I suspect though that each person is intelligent enough to see it as an internal contradiction within the FS movement that cannot be resolved dogmatically by either coming down on one side or the other - but ought to be left open for individual activists to work through in their own lives without reference to either luminary.
It seems to me there is not a black and white moral fence that we need to jump over to acheive a fairer society but a moral and functional gradient available, and that ought to be left to individual activists to work out for themselves what is right for them in the conditions they are most concerned about.
For a debian developer, having software that secretly connects to proprietary surveillance / telemetrics would I think be totally unacceptable, but for a 'free', progressive web app games developer, the use of the FB API just for login for example to boost adoption may be acceptable for them, and both ought to be able to identify fully with the FS movement in an egalitarian way.

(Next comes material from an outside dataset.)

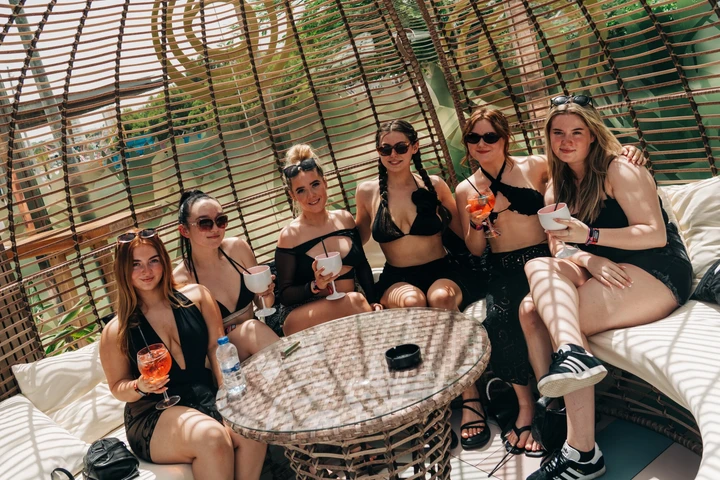 Agenda Beach Club Party Magaluf 2024 - What To Wear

The point being that the role of the FS activist needs more room to maneuver than is often admitted in forums, and apologists for modest use of proprietary software perhaps ought not to have to contend with the ridicule and moral crusading that comes with more zealous standards in pursuit of an imagined utopia of total proprietary software annihilation when a more modest goal would perhaps be better for computer users, developers and society more generally?
The idea of 'good' and 'bad' here then is problematic because it is a moral judgment being made about software when we know free software can be used to accelerate terrifying consequences and also the reverse is also true - in the case where a discussion about the benefits of free software could easily take place on a proprietary platform like Facebook for example.
The fundamentalist complaint then is about deflating the moral categories of a liberal lifeworld, and turning the critique on those that would use the rhetoric of software freedom to control and manipulate computer users in that way, which is possibly as 'unhelpful' (or if you like - 'reprehensible') as the 'evil' of Facebook and the likes?
If you have ever wondered why people are suspicious of the Free Software message then this would be by wager, that the FS movement hasn't yet reconciled its own internal contradictions on the issue of what software freedom includes (in that it cannot exclude proprietary software on moral grounds, but only through technical measures such as some versions of copyleft) but until it does, not many will want to listen to the messages Torvalds or RMS would prefer they hear?